イ 株式、新株予約権、社債若しくは新株予約権付社債を引き受ける者の募集をする際に通知しなければならない重要な事項についての虚偽の通知又は当該募集のための当該株式会社の事業その他の事項に関する説明に用いた資料についての虚偽の記載若しくは記録
ロ 計算書類及び事業報告並びにこれらの附属明細書並びに臨時計算書類に記載し、又は記録すべき重要な事項についての虚偽の記載又は記録
ハ 虚偽の登記
ニ 虚偽の公告(第440条第3項に規定する措置を含む。)

二  会計参与 計算書類及びその附属明細書、臨時計算書類並びに会計参与報告に記載し、又は記録すべき重要な事項についての虚偽の記載又は記録
三 監査役、監査等委員及び監査委員 監査報告に記載し、又は記録すべき重要な事項についての虚偽の記載又は記録
四 会計監査人 会計監査報告に記載し、又は記録すべき重要な事項についての虚偽の記載又は記録

細かく暗記する必要はありませんが、重要な部分は、

①「職務を行うについて悪意又は重過失があった場合」

②「重要書類に対する虚偽の記載」

①②の何れかがあれば取締役は、第三者に対して損害賠償の責任を負います。
ここで、取締役は軽過失なら第三者に責任を負わないのか、という疑問が出てきます。

不法行為責任説と法定責任説

民法上の不法行為責任の規定では、過失があって他人に損害を与えれば、損害賠償責任を負わなければなりません。つまり民法では軽過失でも責任を負います。

民法第709条(不法行為による損害賠償)
故意又は過失によって他人の権利又は法律上保護される利益を侵害した者は、これによって生じた損害を賠償する責任を負う。

民法では加害者に「故意又は過失」があれば、損害賠償の責任を問えます。
ところが会社法では、取締役の責任追及のためには、加害者に「悪意又は重過失」が必要という要件になっています。
そうすると民法の規定より会社法の規定の方が、加害者である取締役への責任追及のハードルが高そうです。
これでは取締役の責任は会社法によって軽減されているように見えます。
第三者に対する責任の取り方として正しいのでしょうか?

この問題に対して、2つの説を紹介します。

不法行為責任説

会社法は民法の特別法なので、規定が重複する場合は、会社法の規定が優先されます。ですから、取締役が第三者に損害を与えた場合は会社法第429条が優先され、第三者を害することに対して取締役に悪意又は重過失があったことを証明しなければ取締役に対する責任を追及できません。というのが不法行為説の立場です。

法定責任説(判例の立場はこちら)

会社法第429条は、取締役の責任を軽減したものではなく、第三者に対する責任を加重するために特別に規定されたものです。
多くの人が関わる会社では、取締役の行為に対する影響も大きいので、民法の不法行為責任とは別枠で、会社法が特別に設けた第三者保護のための規定です。というのが法定責任説です。

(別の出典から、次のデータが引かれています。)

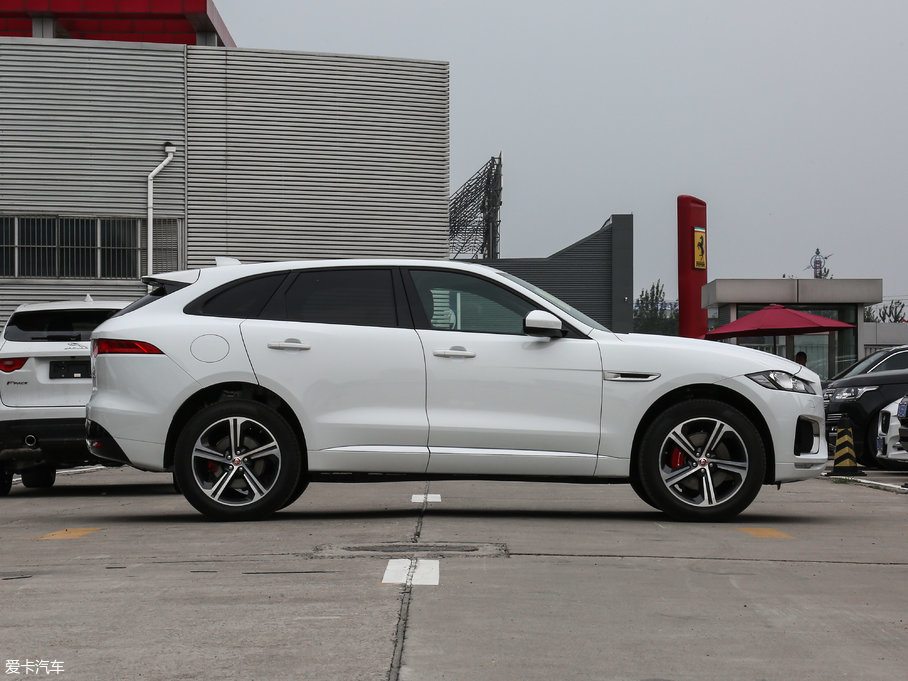 2018ݱF-PACE 3.0 SC Sܰ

法律で特別に設けた「別枠」の責任なので、第三者が民法上の不法行為責任を追及することも妨げられません。

第三者が取締役に対して責任を問う場合は、取締役の行為と損害に相当の因果関係が必要とされています。

さらに判例では、第三者は自己に対する加害に対して悪意・重過失を証明しなくても、任務懈怠について悪意・重過失を証明すれば足りするとし、直接損害ばかりではなく間接損害も賠償の対象となるとしています。(最大判昭和44年11月26日)

 悪意・重過失の対象損害の範囲
不法行為責任説自己に対する加害行為直接損害が対象
法定責任説任務懈怠をしたこと直接損害ばかりではなく間接損害も損害賠償の対象

以上のように、会社法は、第三者への取締役の責任を「重くする」方向に規定されていると考えてください。

そして、「責任を加重するために特別に規定されたもの」というところがミソで、この規定による遅延損害金の利率は、商法で規定される法定利率6%ではなく、民法規定の5%になります。

つまり、商行為によって発生した遅延損害ではなく、特別の規定によって発生した賠償責任の遅延損害金だから。という考え方です。複雑ですね!